NOTE: The pictures were taken by a crappy cell phone camera, because its all i have, so, they, uh, suck, and are VERY small.


----------



## madeittothemoon (Nov 1, 2007)

Awww... how old is he? I've always liked the name Malakai for boys.


----------



## Dusk (Nov 20, 2007)

He is about a year old. Thats a cool name, I was thinking about something cute, like Zipper or something.


----------



## Forensic (Apr 12, 2007)

How young was she? They're kinda hard to mistake after a certain point. :lol:

Coffee still works for a boy rat... Or how about... Snickers.


----------



## AustinXAPMX3 (Oct 23, 2007)

Ya, Snickers is a great name! Here is a great site for picking a name. You can search for names and search for words in meaning. You can type in things about his personality and a name will come up. Some of them are not English. Its a cool site, i hope you use it 
http://www.behindthename.com/


----------



## Dusk (Nov 20, 2007)

Snickers is cute... I had decided on a name, but now I have to rethink.

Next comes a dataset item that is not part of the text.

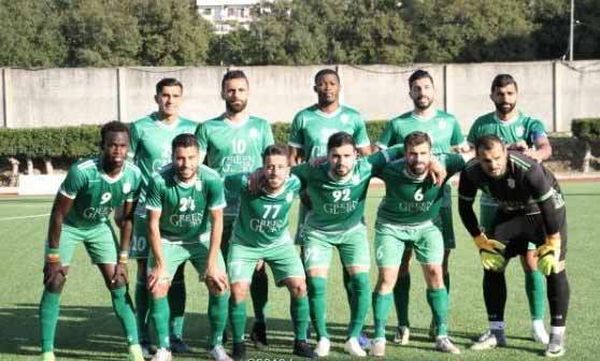 بطولة لبنان في كرة القدم :
فوز عريض للأنصار على الاخاء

Thanks for the site, I definately will check it out.


----------



## AustinXAPMX3 (Oct 23, 2007)

What was the name you decided on?


----------



## Dusk (Nov 20, 2007)

It was Zipper, but im torn between that and Snickers...


----------



## AustinXAPMX3 (Oct 23, 2007)

Oh lol


----------



## Dusk (Nov 20, 2007)

So I decided on the name Zipper! Thanks for all the suggestions!!


----------



## AustinXAPMX3 (Oct 23, 2007)

YAY Zipper!


----------



## Dusk (Nov 20, 2007)

YAY!


----------